25/08/11

berita duka


Kaget. Cemas. Takut. Kapan saja di mana saja ia bisa datang. Ia bisa pergi kapan saja di mana saja. Suka-suka. Kita tahu bahwa kelahiran dan kematian adalah peristiwa sehari-hari yang rutin, seperti makan dan tidur. Kita juga tahu bahwa awal dan akhir adalah fakta yang kita terima kebenarannya secara alamiah. Justru karena diterima secara alamiah begitu saja, kita lupa mempersoalkannya: mengapa ada kelahiran dan ada kematian? Mengapa ada awal dan ada akhir? Mengapa ada kedatangan dan ada kepergian? Mengapa ada perkenalan dan ada perpisahan? Mengapa aku hidup untuk sekadar mati pada suatu saat nanti?

Kewajaran kehidupan—yang rupanya sangat misterius—mengalahkan kemampuan akal manusia, seberapun canggih manusia merekayasa akalnya. Dengan kecerdasan buatannya yang disusun sedemikian rupa dari dan berdasar angka-angka ketuhanan, manusia hingga saat ini belum sanggup menjawab pertanyaan-pertanyaan kanak-kanak di atas, juga belum mampu secara pasti dan presisi meramal kapan dan di mana aku mati, kapan dan di mana anakku lahir. Pengetahuan manusia belum berhasil menembus pintu langit, bahkan belum cukup mujarab untuk menjawab “siapa itu manusia?” secara komplet-lengkap. Manusia tampaknya “tidak tahu diri” (sendiri).

Asas suka-suka selain dapat menjelaskan sejarah bahasa, ternyata dapat pula menerangkan sejarah kehidupan yang misterius. Asas suka-suka meregulasikan jalannya kehidupan yang teratur dan indah (!) ini. Tetapi ada masalah, suka-suka adalah sifat, prediket. Prediket tidak pernah berdiri sendiri, ia berada di antara dan bergantung kepada, pertama-tama subjek, selanjutnya objek. Apa saja yang nyata-nyata hidup dan kemudian mati adalah objek dari prediket “suka-suka”. Siapa subjeknya?

Tentu bukan manusia. Kesuka-sukaan atau kebebasan mutlak ratusan juta manusia tidak mungkin meregulasikan kehidupan. Kebebasan manusia yang tak dibatasi hanya akan mengakibatkan kekacauan yang maha berantakan, sama sekali tak indah, kecuali bagi orang yang jiwanya telah mati.
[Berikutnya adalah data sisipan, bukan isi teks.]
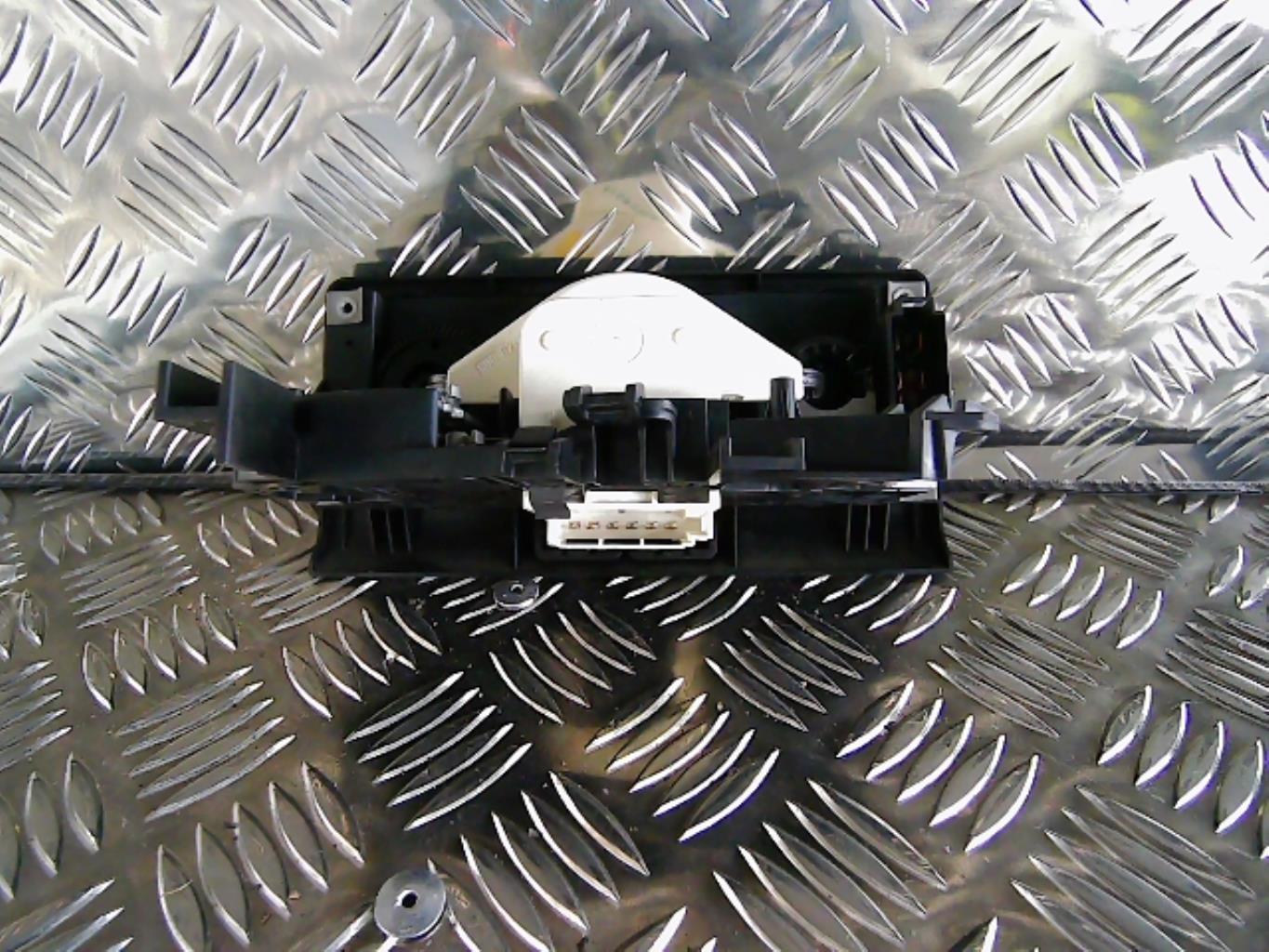 Commande chauffage VOLKSWAGEN POLO 3 PHASE 1 Essence - 1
Bahkan karya seni paling surealistis sekali pun masih mengandung unsur harmoni dan komposisi, meskipun si seniman secara sadar bermaksud menciptakan karya seni paling chaotic dalam rangka pemberontakan/pembongkaran. Jika tidak demikian, Freud tidak dapat menafsirkan mimpi, ujaran latah, igauan, racau orang gila, dan tulisan otomatis. Kondisi chaotic sebenarnya juga adalah sistem yang memiliki rumus. Maksud atau tujuan sudah merupakan bagian dari komposisi. Selama seorang manusia masih bernapas, jiwanya tak benar-benar mati, kendati ia menghuni rumah sakit jiwa atau berjalan telanjang sepanjang jalan. Artinya, manusia hidup tidak akan sampai kuat hati untuk mendefiniskan keindahan sebagai keadaan kacau maha berantakan yang disebabkan oleh kebebasan mutlak.

Subjek dari prediket “suka-suka” tentu pula bukan binatang yang tidak pandai berpuisi atau tumbuhan yang tidak tukang berhitung. Selain manusia, binatang, dan tumbuhan, siapa lagi subjek dari sifat suka-suka?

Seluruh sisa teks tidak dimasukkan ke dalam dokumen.